_Aim of the task_
Print the data exactly as written, but leave out each picture.

_Extracted records_
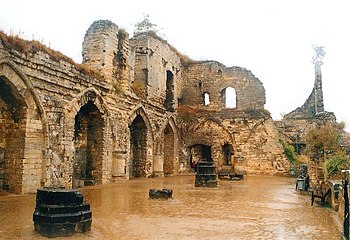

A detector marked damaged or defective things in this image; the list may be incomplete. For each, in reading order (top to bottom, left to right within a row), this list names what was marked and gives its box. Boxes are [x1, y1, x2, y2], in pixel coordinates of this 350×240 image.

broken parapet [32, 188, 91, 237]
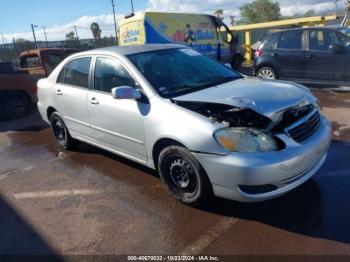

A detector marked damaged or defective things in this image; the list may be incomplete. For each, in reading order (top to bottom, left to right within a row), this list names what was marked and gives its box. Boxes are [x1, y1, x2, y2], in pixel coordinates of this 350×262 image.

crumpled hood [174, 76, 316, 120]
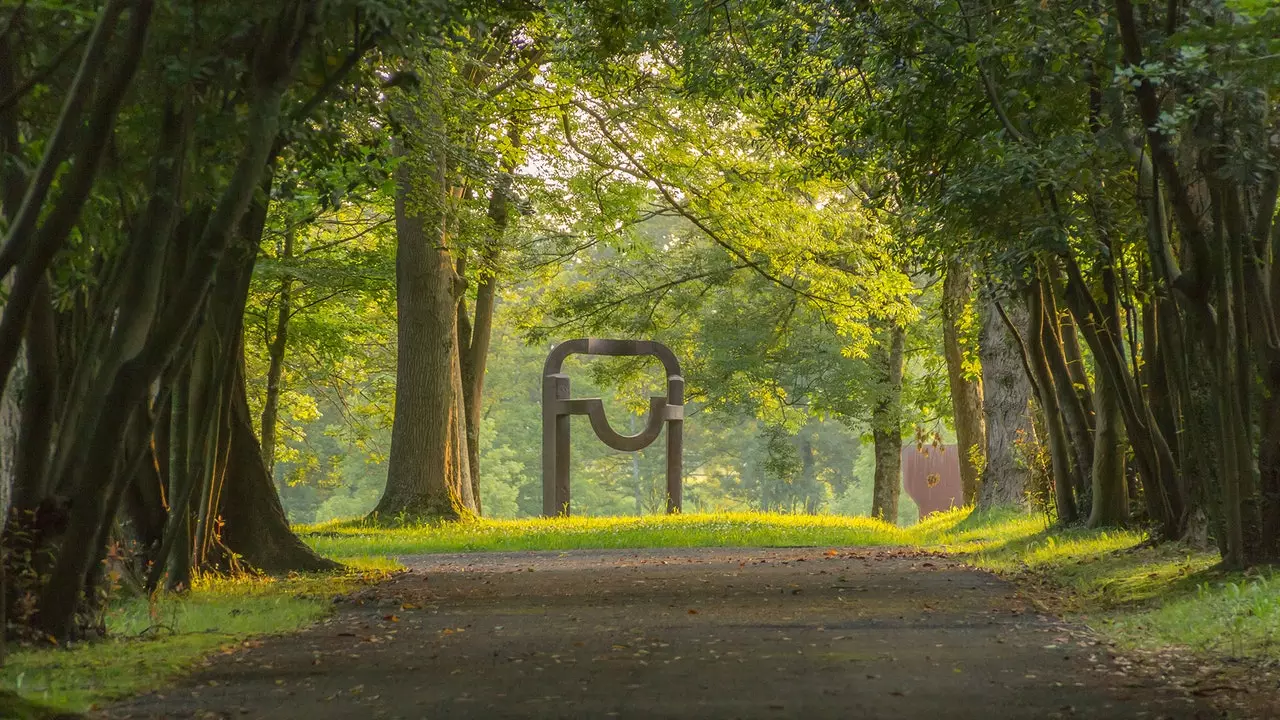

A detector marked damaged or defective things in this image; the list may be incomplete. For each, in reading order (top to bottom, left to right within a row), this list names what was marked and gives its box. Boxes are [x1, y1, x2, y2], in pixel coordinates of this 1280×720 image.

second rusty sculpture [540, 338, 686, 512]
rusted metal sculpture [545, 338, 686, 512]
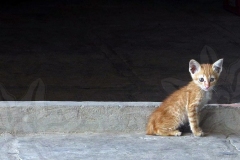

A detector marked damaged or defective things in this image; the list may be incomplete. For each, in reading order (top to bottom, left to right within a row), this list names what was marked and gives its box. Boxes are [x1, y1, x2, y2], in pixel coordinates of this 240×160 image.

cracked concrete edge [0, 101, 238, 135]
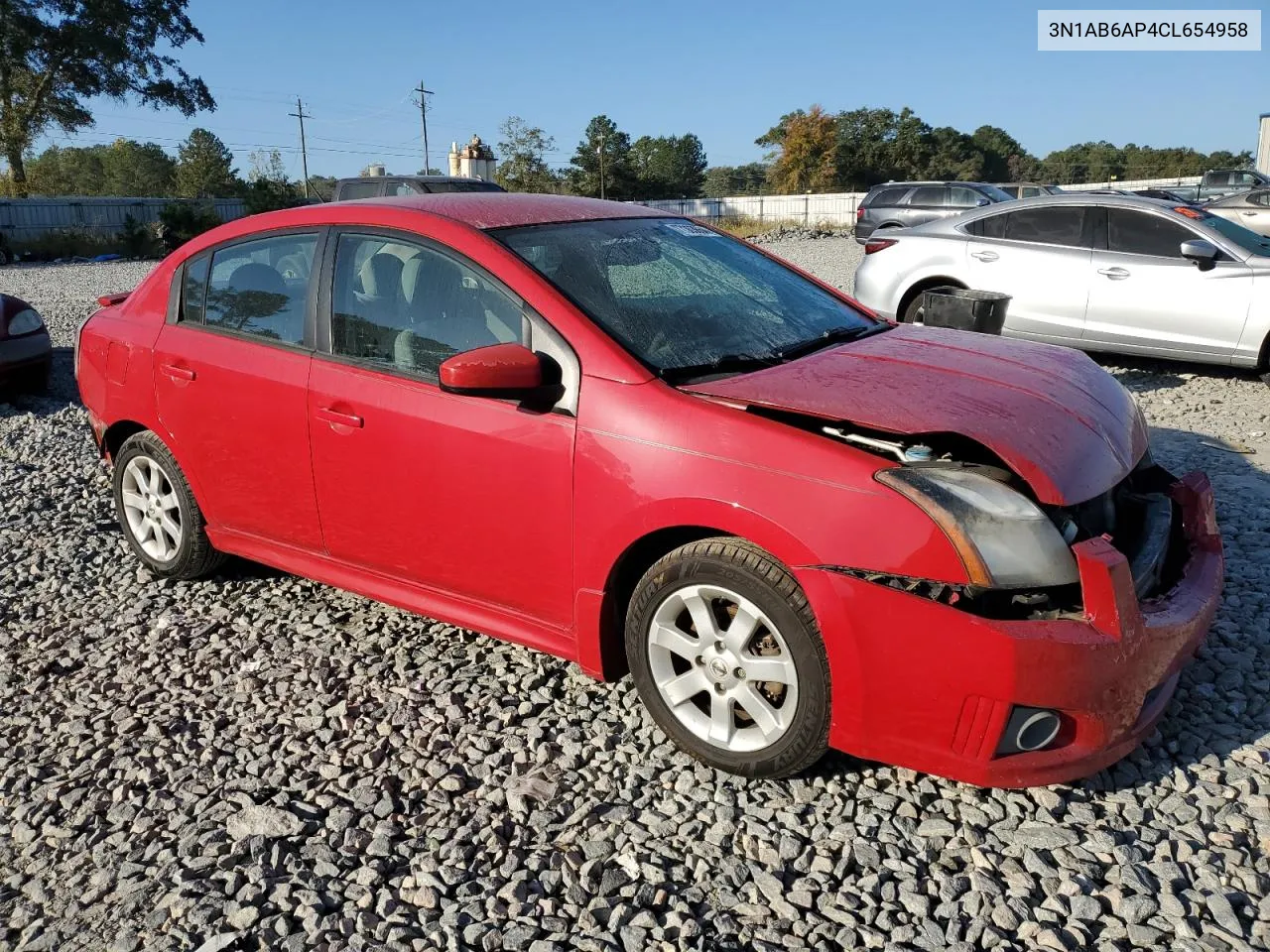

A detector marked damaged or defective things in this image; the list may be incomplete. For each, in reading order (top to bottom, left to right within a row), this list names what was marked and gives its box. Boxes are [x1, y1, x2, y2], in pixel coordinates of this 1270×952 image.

_Answer area_
A detector marked damaged or defective things in this image; the list may be incomplete. For each, in reading order (top to bottom, left to right within a row), this list names what was marked and gives its box. Boxes are [x1, y1, x2, y2], in pixel coordinates of this 350×240 image.

broken parapet [32, 188, 91, 237]

A detector marked damaged or defective things in this image; the list may be incomplete. For each, in reading order (top to bottom, left to right within a row), this list names what was marked and gives its box. Boxes are [x1, y1, x2, y2], in pixel coordinates of this 350×262 image.

crumpled hood [174, 76, 316, 120]

A detector marked damaged or defective things in this image; the list may be incomplete. For each, in reading order (top to bottom, left to right within a row), this list names what was marked and gives its box. Boxes are [x1, y1, x2, y2], in pixel coordinates of this 1280×720 image.

second rusty sculpture [540, 338, 686, 512]
rusted metal sculpture [545, 338, 686, 512]

A detector marked damaged or defective things in this image; the list may be incomplete. For each, in reading order (top to bottom, left to right within a row), this list names what was marked and gives its box. Boxes are [x1, y1, x2, y2], in pixel coordinates of this 240×160 image.

cracked concrete edge [0, 101, 238, 135]

A detector marked damaged or defective things in this image; the list may be incomplete. For each, in reading order (top to bottom, left to right within a row), this list names what was marked and gives its box. Boxes are [x1, y1, x2, y2], in pixel coordinates of this 1270×952 image.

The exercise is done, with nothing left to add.